Am 25. Juli haben IS-Kämpfer den strategisch wichtigen Stützpunkt der 17. Division der syrischen Armee nahe der Stadt Raqqa überrannt. Bei dem Gefecht sollen 85 Soldaten und 13 Aufständische gefallen, weitere 100 bis 200 Soldaten geflohen sein. Rund 50 der getöteten Angehörigen der Assad-Armee sollen nicht im Kampf, sondern nach der Gefangennahme von den IS-Rebellen hingerichtet worden sein. Anschließend hat man Bilder von ihren abgehackten Köpfen im Internet veröffentlicht. Damit haben sich die Vertreter des Kalifats schwerster Kriegsverbrechen schuldig gemacht. Am 28. Juli wurde die Einnahme des Militärstützpunktes Maylabieh nahe der Stadt Al Hasaka, Hauptstadt der gleichnamigen Provinz im syrischen Nordosten, durch den IS nach einer dreitägigen Schlacht gemeldet.

Seit einigen Wochen versuchen die IS-Kämpfer die Städte Ain Al Arab und Kobanai in der Provinz Aleppo an der Grenze zur Türkei zu erobern. Beide Städte und die umliegende Region befinden sich seit über einem Jahr mit Einverständnis der Zentralregierung in Damaskus unter der Kontrolle der kurdischen Partiyaq Yekitiya Demokrata (Partei der demokratischen Union - PYD), der syrischen Schwesterorganisation der PKK Abdullah Öcalans. Bisher leisten die Volksverteidigungseinheiten (YPG), der militärische Arm der PYD, erbitterten Widerstand. Dabei erhalten die YPG Unterstützung von den Kurden in der Türkei und im Irak. Vor kurzem soll die PKK 1000 eigene Kämpfer in die belagerte Krisenregion entsandt haben.

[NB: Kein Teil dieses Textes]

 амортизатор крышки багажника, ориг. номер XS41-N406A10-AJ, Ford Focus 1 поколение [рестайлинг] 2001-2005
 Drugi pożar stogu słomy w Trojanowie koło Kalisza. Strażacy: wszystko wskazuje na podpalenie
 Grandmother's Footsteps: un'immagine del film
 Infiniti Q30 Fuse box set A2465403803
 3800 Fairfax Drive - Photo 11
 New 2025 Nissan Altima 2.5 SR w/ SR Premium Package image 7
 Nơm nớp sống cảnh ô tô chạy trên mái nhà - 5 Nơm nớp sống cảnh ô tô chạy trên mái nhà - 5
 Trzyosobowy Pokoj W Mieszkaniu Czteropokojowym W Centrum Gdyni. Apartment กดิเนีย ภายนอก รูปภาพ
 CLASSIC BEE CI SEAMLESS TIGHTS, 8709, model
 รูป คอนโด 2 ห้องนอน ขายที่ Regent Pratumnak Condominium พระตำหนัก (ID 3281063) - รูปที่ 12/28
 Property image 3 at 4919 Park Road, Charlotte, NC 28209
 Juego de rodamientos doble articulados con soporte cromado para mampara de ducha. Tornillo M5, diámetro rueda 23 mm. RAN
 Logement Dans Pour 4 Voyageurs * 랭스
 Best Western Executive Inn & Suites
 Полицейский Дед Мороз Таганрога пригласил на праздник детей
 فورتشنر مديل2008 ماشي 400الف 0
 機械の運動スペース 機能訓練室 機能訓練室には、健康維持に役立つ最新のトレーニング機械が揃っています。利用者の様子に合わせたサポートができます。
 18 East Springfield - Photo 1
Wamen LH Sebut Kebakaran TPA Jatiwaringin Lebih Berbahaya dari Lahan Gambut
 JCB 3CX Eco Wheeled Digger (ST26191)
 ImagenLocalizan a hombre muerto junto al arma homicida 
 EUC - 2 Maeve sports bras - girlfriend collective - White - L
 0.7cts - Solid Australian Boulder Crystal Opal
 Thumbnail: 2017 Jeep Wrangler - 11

Am 24. Juli gelang es den Peschmergas, im irakischen Kurdistan nach einer siebenstündigen Schlacht die IS-Kämpfer aus zwei Bezirken in der Provinz Diyala, die sie seit einem Monat besetzt gehalten hatten, zu vertreiben. Vor der nahegelegenen Provinzhauptstadt Stadt Baquba, die nur 60 Kilometer nördlich von Bagdad liegt, haben am 26. Juli die irakischen Streitkräfte zusammen mit schiitischen Milizionären eine größere Gruppe IS-Kämpfer ausgelöscht. Inzwischen meldet die Regierung in Damaskus, die syrischen Streitkräfte hätten das Ölfeld Schaar wieder zurückerobert. Derlei Meldungen lassen erkennen, daß die Lage im irakisch-syrischen Kriegsgebiet sehr fluide ist. Dennoch steht fest, daß das neue Kalifat, dessen Gebiet auf beiden Seiten der irakisch-syrischen Grenze liegt, als Staat de facto existiert und nicht ohne weiteres wieder von der Landkarte zu tilgen ist.

Auch wenn die Meldungen aus dem Herrschaftsbereich Al Baghdadis wie die Einführung einer fundamentalistischen Auslegung der Scharia und die Zerstörung zahlreicher Kulturdenkmäler wie die Sprengung jener historischen Moschee in Mossul, in welcher der Prophet Jona - der der biblischen Überlieferung nach von einem Wal verschluckt und später ausgespuckt wurde - begraben sein soll, am 24. Juli sehr zu denken geben, laufen derzeit Tausende Angehöriger anderer Rebellengruppen zum IS über. Bis sich der irakisch-syrische Bürgerkrieg ausgetobt hat, wird es noch lange dauern. Es ist nicht einmal ausgeschlossen, daß er in weitere Länder übergreift - am meisten gefährdet sind der Libanon und Jordanien - bzw., daß er, durch eine noch aktivere Beteiligung der schiitischen und sunnitischen Schutzmächte Iran und Saudi-Arabien als bisher, drastisch eskaliert.